Great. Thanks for taking initiative in running the numbers. There are some errors in your experiment, but I got a similar outcome in my experiment regardless. The big downside is that things are much slower when the object file has changed (compare + write), which may be a likely case when DMD is writing all code to a single object file. So, perhaps this should only be enabled when D files are compiled to individual object files. Of course, the ultimate test would be to ask someone who would have a lot to benefit from this patch to actually try it on their codebase. @adamdruppe ? |
I was replying to @Geod24's question why the timestamp needed to be updated. |
I think in most cases, a change in object file will come with a change in binary size, won't it ? |
|
Possibly not because of section padding. |
I once ran an SSD-killer service (also known as a time-series database), from what I recall, I can give the following scenario:
From that I can do the following back-of-hand maths and say that:
Just to stress, the SSD did not die. It could still be used for other purposes, just not writing metric data at the volume that was required. (It goes without saying that at some point we switched to zRAM to store the data, and remained there until the 512GB NVMe became a thing, at which point there was enough space available that all files could just be preallocated, reducing the death rate of SSDs to around once every 12-18 months). I hope these approximated figures give you a good idea of how little you need to worry about killing your SSD with compiler builds alone. :-) |
The only case in which the file is loaded unnecessarily is when the sizes are identical to the byte yet the content is different. I don't have data but I speculate that's a rare case so for version 1.0 this should be fine. An improvement is to read the file progressively and stop at the first difference. Since most changes in an object file are likely to change the header, the difference will often be in the first block loaded. That can come in a future PR. |
Thanks, good to know. It seems that good citizenry is not a concern, so I'm glad we have the speed advantage. Again, to me this all is a step toward fixing https://issues.dlang.org/show_bug.cgi?id=21596, which is Moby Dick. |
|
On Tue, Feb 02, 2021 at 09:00:12PM -0800, Vladimir Panteleev wrote:
The big downside is that things are much slower when the object file *has* changed (compare + write)

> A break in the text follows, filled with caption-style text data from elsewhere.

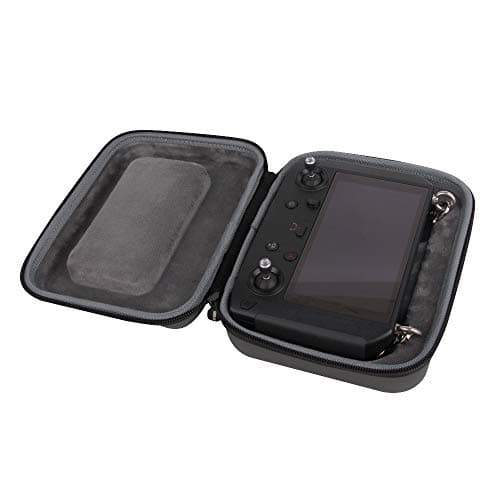 Bonpow Hard Shell Protective Carrying Case Handbag Box for DJI Smart Controller Accessories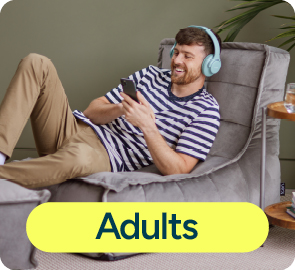 Adult Bean Bags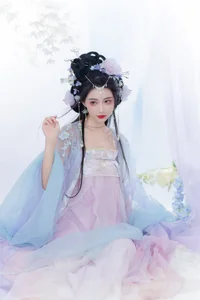Artistic Portrayals in YiTuYu Art Language Vol.5599 Qi Luo Sheng - image 23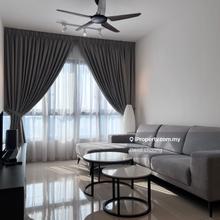 2 bedrooms with 2 Car parking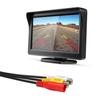 Digital Display LCD Monitor Premium Sturdy Heat-resistant LCD Car Rear View Monitor Screen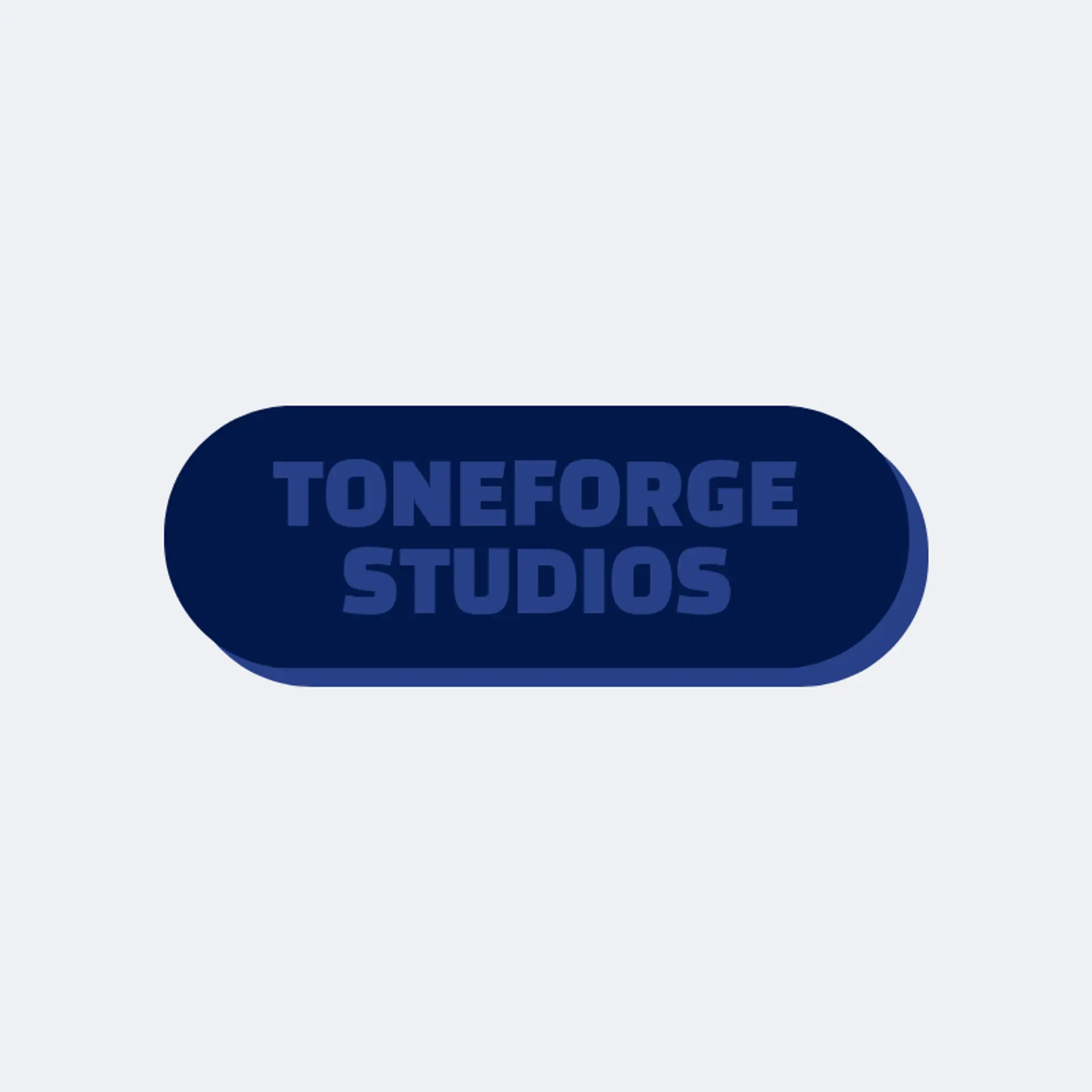 Wavecrafted Studios logo for music production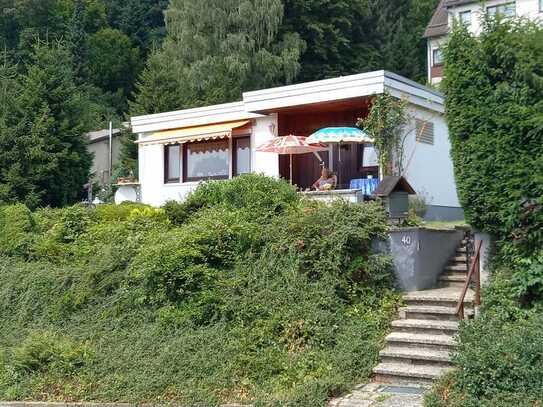 Südharz, traumhafter Blick, Walkenried / Wieda, Südhang - ein Wohn- ein Ferienhaus ein Preis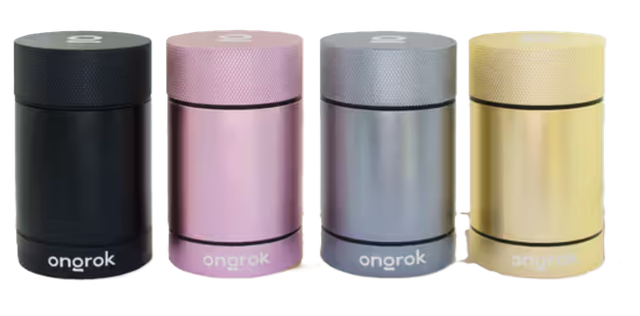 Toothless Flower Petal Grinder ONGROK Toothless Flower Petal Grinder ONGROK
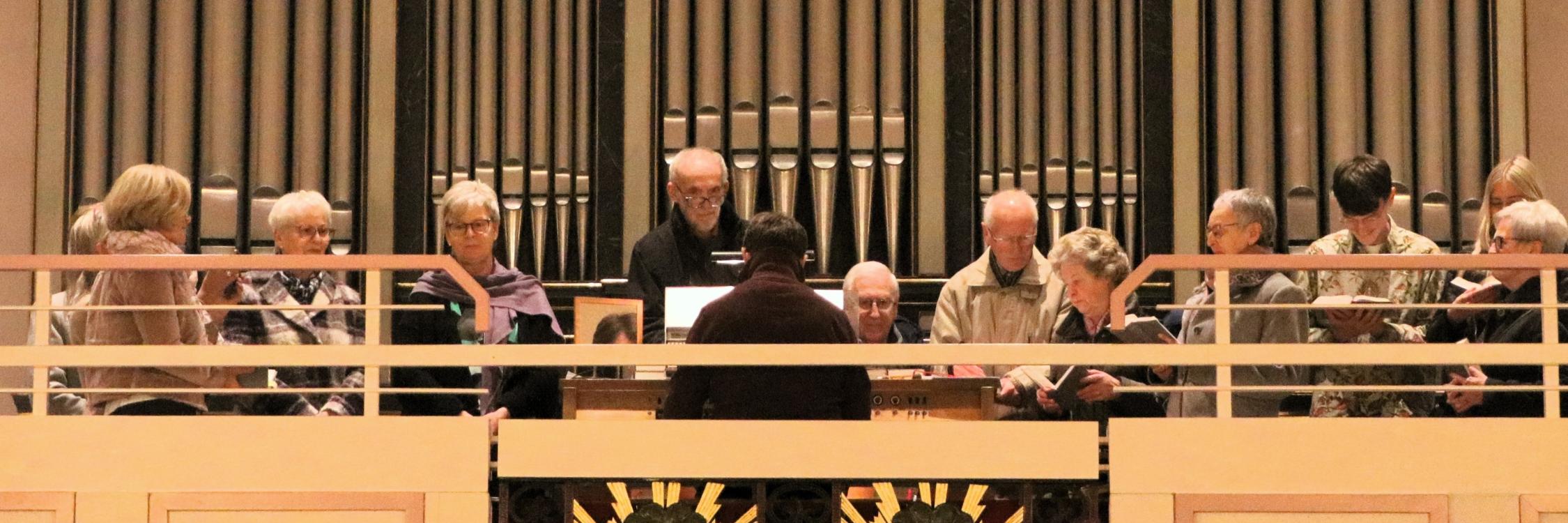 Projektchor 2024 Weihnachten Ittenbach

I imagine you can likely catch most those by a simple file size
comparison. If it is a different size, no need to actually read it,
things have obviously changed.
Odds are in most cases where the object file is the same size, it hasn't
changed and then the read just verifies that assumption.
Of course, the ultimate test would be to ask someone who would have a lot to benefit from this patch to actually try it on their codebase. @adamdruppe ?
Andrei works on the same project so I'm guessing he's already preparing
a test rig :)
|
Yes, that's the idea. Get it working and prove it, then optimize. |
This is a suggestion from Andrei.
Because file writes are so much slower than reads, and because of weak dependency management in build systems, the compiler will often generate the same files again and again. This changes file writes to first see if the file already exists and is identical. If so, it just updates the last written time on that file instead of writing a new one.
We discussed whether to "touch" the file or not, and decided if it wasn't touched, it would likely break many build systems.